Een schitterend gelegen camping, een prima compromis tussen een viscamping en natuurschoon.

Je moet hier wel ca. 30 minuten (langzaam) varen voordat je tussen de eilandjes, baaien en ondiepe geulen bent. We hadden hier al vrij gauw weer een ondiepte ontdekt waar het van 40 naar 1 meter liep. Bij laag water vielen er net een paar puntjes droog wat een favoriet plekje was voor een otter, schitterend om te zien. Hier vingen we erg veel kabeljauw.


Vaak relatief ondiep op 10 tot 12 meter, zodat we ook hier weer met relatief lichte shads konden vissen.

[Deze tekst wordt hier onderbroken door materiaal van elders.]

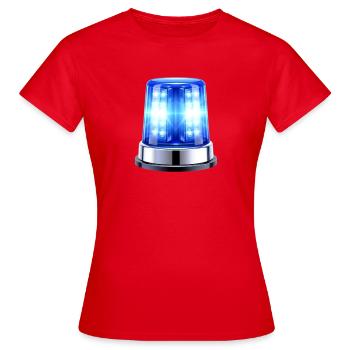 Blaulicht Sirene Hyperrealistisch - Frauen T-Shirt - Rot - Vorne - AI Model Female 172 dark (172cm)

Grote shads in natuurlijke kleuren en blauw vingen hier geweldig. Omdat het water hier kraakhelder is kon je de vis op 10 meter diepte al gauw zien. Ook hier zagen we hele ‘wolken’ met kleine koolvisjes (20-30 cm) zwemmen.

Door met grote shads hier doorheen te laten zakken kwam je bij de kabeljauwen die eronder zwommen. Goed om je heen kijken was wel belangrijk, want opeens zagen we wat activiteit verderop zee en na een paar worpen daar naartoe kwamen de eerste knappe koolvissen (tijdelijk) in het bootje.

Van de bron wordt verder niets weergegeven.